Type: A Visual History of Typefaces

A book about fonts – if you think about it for too long it’s kind of a strange idea, right? It’s like a poem about words or a sketch about pencils. But regardless of how odd the notion might sound, typefaces are actually quite interesting. Don’t believe me? What if I were to tell you that some of the fonts that you have on your computer date back to the late 1500’s? Fonts haven’t always been so ubiquitous as they are today, and with so many of them at your fingertips, it’s easy to forget that the printed word has a rich story behind it.

Before we get into what you’ll find in these books, you should know that neither volume is intended to be read from cover to cover. Rather, they’re much better suited for laid-back coffee table reading. Big, luscious pages, ample illustrations, and painstakingly detailed reproductions of various typefaces make them great for a casual thumb through; stopping here and there to read the history of this font or that.

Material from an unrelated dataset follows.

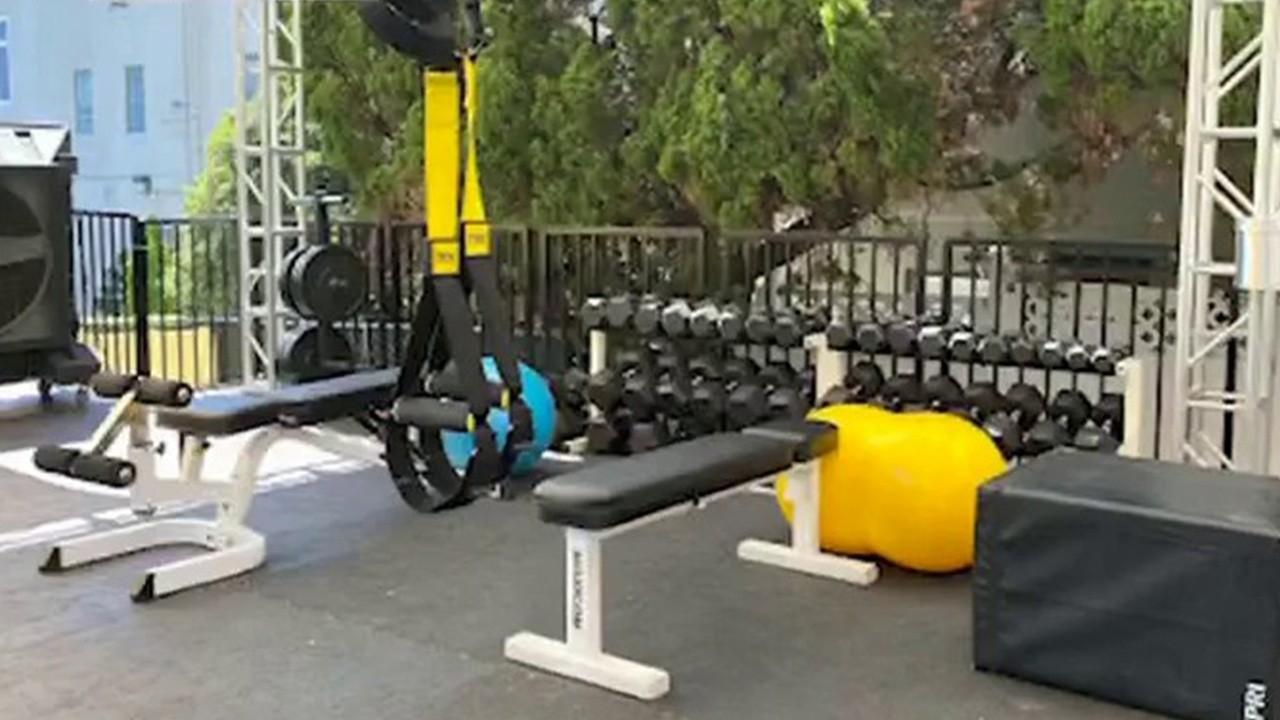 California gym adapts to coronavirus, moves equipment outdoors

We must admit that the title is a bit misleading, though. These books are not so much a complete history of typography as they are a visual tour through the collection of Jan Tholenaar – a Dutch bibliophile who had a soft spot for ornamental metal typefaces. His collection of type specimens is incredibly large, and while the books do offer up a wealth of good history behind each one, we still can’t call this a complete history. Volume I covers the period between 1628-1900, and Volume II covers types collected from 1900-1938, but both books tend to focus on ornamental types and not much else. That being said, however, ornamental typefaces are definitely the most fun to look at.

If you make it past the choppy preface and introduction sections, you’re sure to come across something that piques your interest. Certain passages are better than others, but overall I found them to be a fun and enjoyable read, and they’ll definitely be occupying a spot on my coffee table for years to come.